▸ **What the exercise asks**
The records are to be repeated in full, with the images removed.

▸ **Data shown**
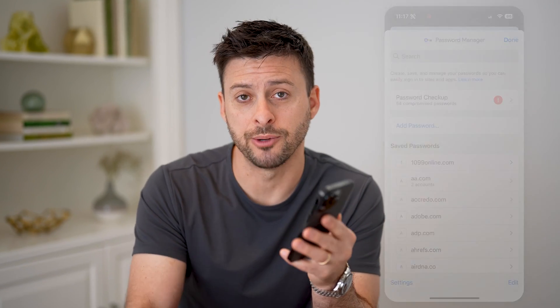I hope this helps. If it did, hit the subscribe button down below. It really helps me out, and I'll catch you on the next one.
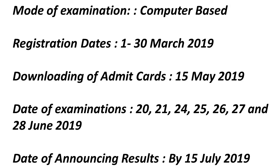The other important information is that the mode of examination will be computer-based. Registration for the examination will start in the month of March — from the 1st of March and will go on till the 30th of March.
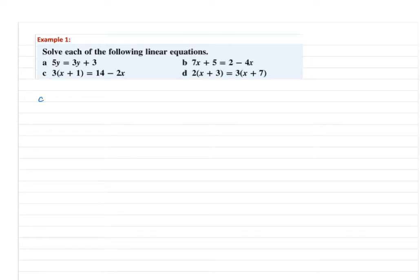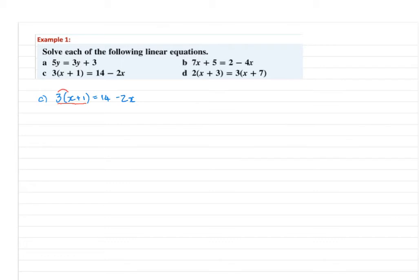Let's look at part c. We have 3 bracket x plus 1 is equal to 14 minus 2x. The very first thing to do is expand the bracket 3(x + 1), giving the expression in expanded form. So 3 times x is 3x, and 3 times 1 is plus 3, and that is equal to 14 minus 2x.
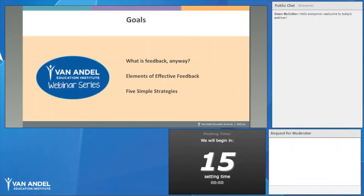Today we're going to talk about what feedback is anyway, the elements of effective feedback, and five simple strategies that you can incorporate in your classroom.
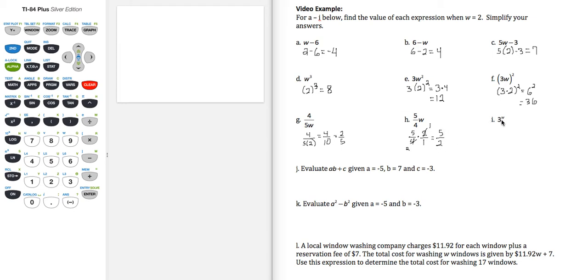Part i, 3 to the w, so I'm replacing w with 2 in the exponent, 3 times 3 gives me 9.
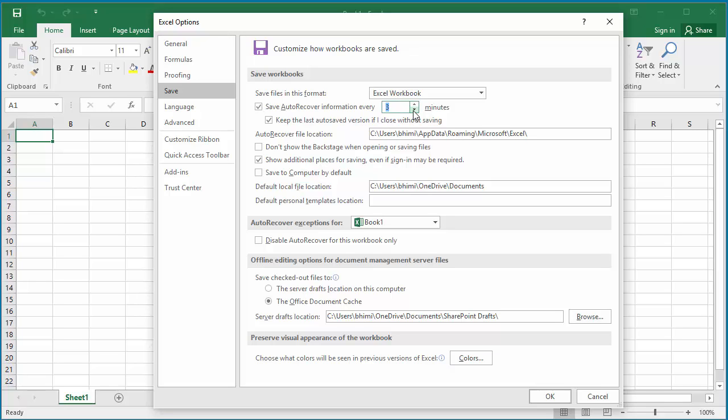The lowest value you can set is one minute, which means if you close the spreadsheet without saving, you will only lose the data you entered in the last minute. Excel will save the spreadsheet every minute. The highest value you can set is 120 minutes.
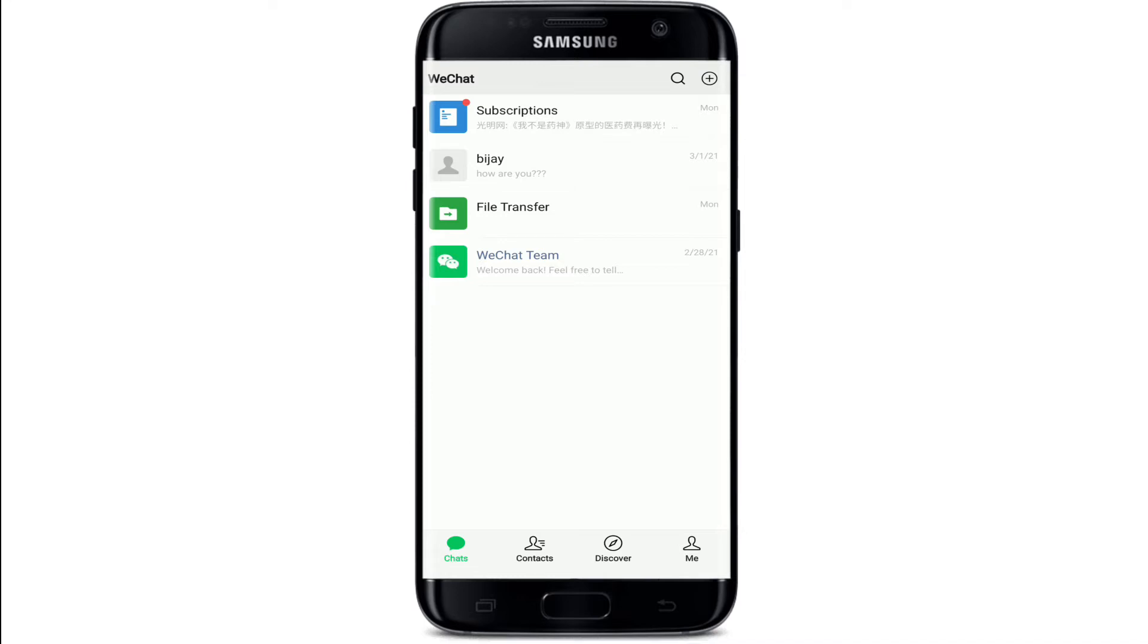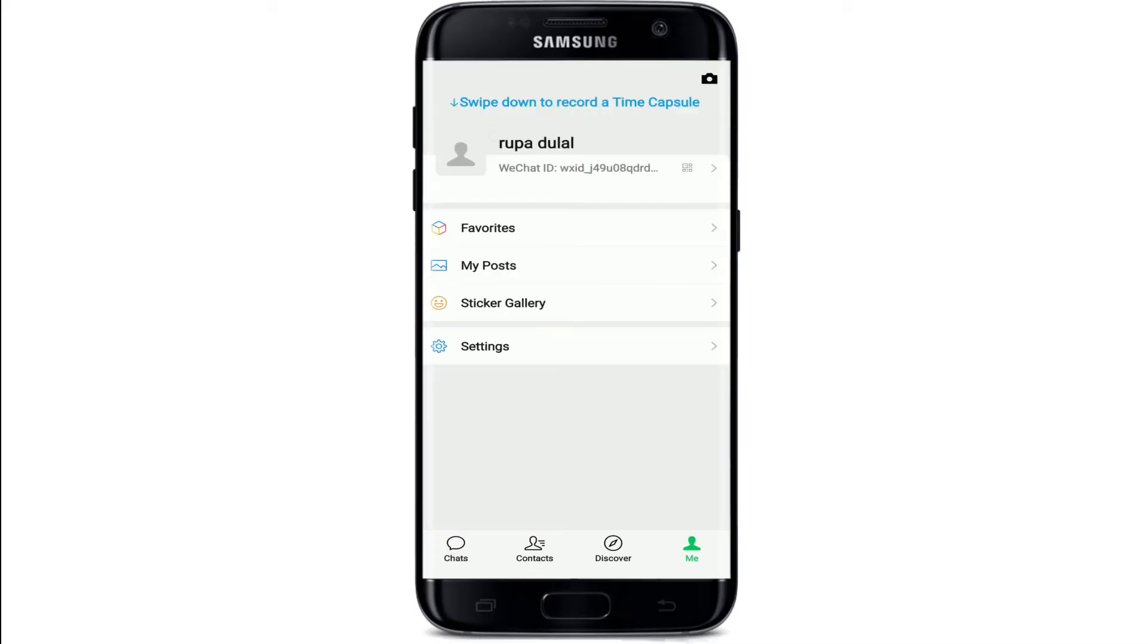tap on the me icon at the bottom right corner of the screen and go to settings.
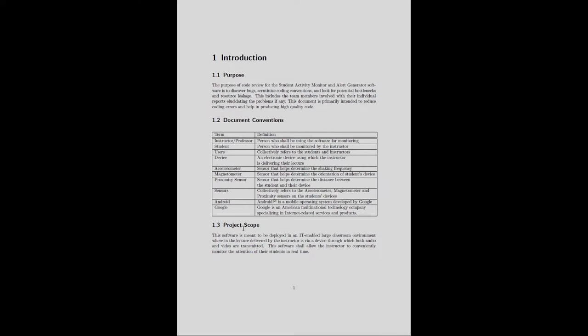It may be helpful to know that this is part of a larger system — an ICT enabled classroom where students carry their own mobile devices and the instructor also carries a mobile device, and these device sensors are being utilized. The whole system is implemented using mobile devices. The scope subsection states the software is meant to be deployed in an IT enabled large classroom environment where the lecture is delivered via a device transmitting both audio and video, allowing the instructor to monitor student attention in real time.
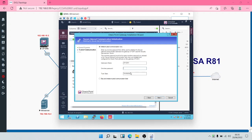It is asking for a one-time password. This one-time password is used to initialize secure internal communication between the security management server and the security gateway. If you recall, when we were creating the security management server, it asked us to input an activation key. That same activation key you inputted when installing your security management server — or when bringing up the security gateway — is what you're going to input right now. So we'll put in the activation key and then click on next.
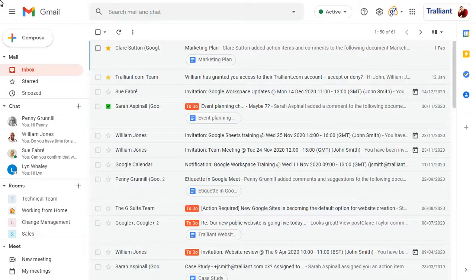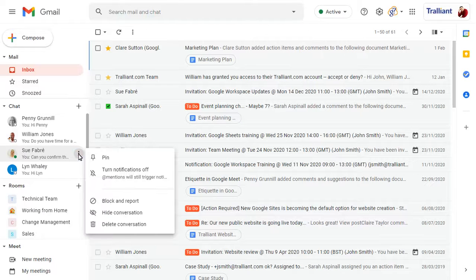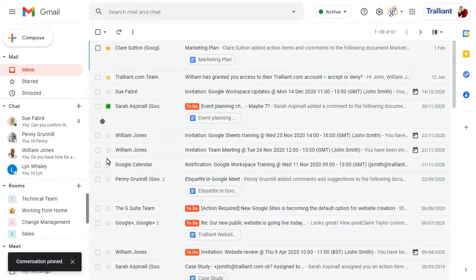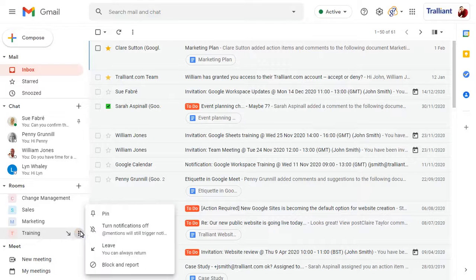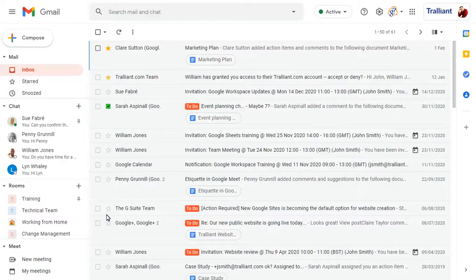You can pin any chat conversation so that it stays at the top of the chat list. Click on the ellipses, then choose Pin. You can pin chat rooms too, which is especially useful if they're not currently in view. You can unpin a room or conversation at any time too.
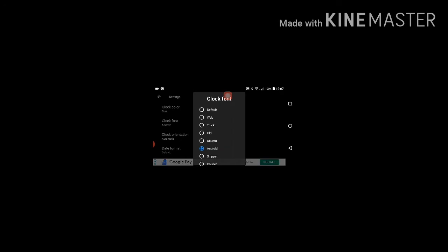Green. See friends it looks green. And blue. See friends blue. We can change any color friends. And clock font means clock style friends, it is in Android style. Now I am keeping default, default means this is the style friends.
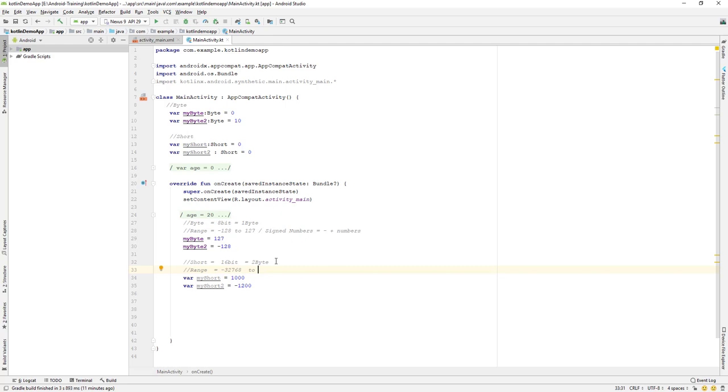So if you see, it can hold both signed numbers, which is signed numbers, or signed numbers, which equals to means that it can hold both negative and positive numbers.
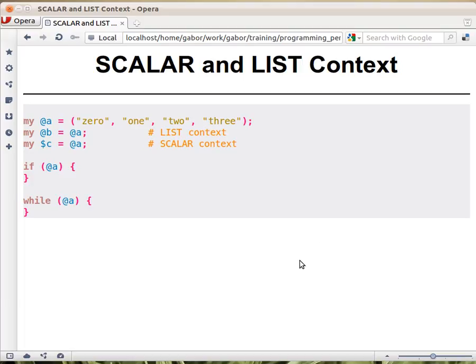We saw in the case of local time that depending on whether you assign it to a scalar or to an array, it will give you different results. Let's now look at some other places where there is such a thing, which we call scalar and list context.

▸ **Output for this task**
I hope this helps. If it did, hit the subscribe button down below. It really helps me out, and I'll catch you on the next one.
The other important information is that the mode of examination will be computer-based. Registration for the examination will start in the month of March — from the 1st of March and will go on till the 30th of March.
Let's look at part c. We have 3 bracket x plus 1 is equal to 14 minus 2x. The very first thing to do is expand the bracket 3(x + 1), giving the expression in expanded form. So 3 times x is 3x, and 3 times 1 is plus 3, and that is equal to 14 minus 2x.
Today we're going to talk about what feedback is anyway, the elements of effective feedback, and five simple strategies that you can incorporate in your classroom.
Part i, 3 to the w, so I'm replacing w with 2 in the exponent, 3 times 3 gives me 9.
The lowest value you can set is one minute, which means if you close the spreadsheet without saving, you will only lose the data you entered in the last minute. Excel will save the spreadsheet every minute. The highest value you can set is 120 minutes.
tap on the me icon at the bottom right corner of the screen and go to settings.
It may be helpful to know that this is part of a larger system — an ICT enabled classroom where students carry their own mobile devices and the instructor also carries a mobile device, and these device sensors are being utilized. The whole system is implemented using mobile devices. The scope subsection states the software is meant to be deployed in an IT enabled large classroom environment where the lecture is delivered via a device transmitting both audio and video, allowing the instructor to monitor student attention in real time.
It is asking for a one-time password. This one-time password is used to initialize secure internal communication between the security management server and the security gateway. If you recall, when we were creating the security management server, it asked us to input an activation key. That same activation key you inputted when installing your security management server — or when bringing up the security gateway — is what you're going to input right now. So we'll put in the activation key and then click on next.
You can pin any chat conversation so that it stays at the top of the chat list. Click on the ellipses, then choose Pin. You can pin chat rooms too, which is especially useful if they're not currently in view. You can unpin a room or conversation at any time too.
Green. See friends it looks green. And blue. See friends blue. We can change any color friends. And clock font means clock style friends, it is in Android style. Now I am keeping default, default means this is the style friends.
So if you see, it can hold both signed numbers, which is signed numbers, or signed numbers, which equals to means that it can hold both negative and positive numbers.
We saw in the case of local time that depending on whether you assign it to a scalar or to an array, it will give you different results. Let's now look at some other places where there is such a thing, which we call scalar and list context.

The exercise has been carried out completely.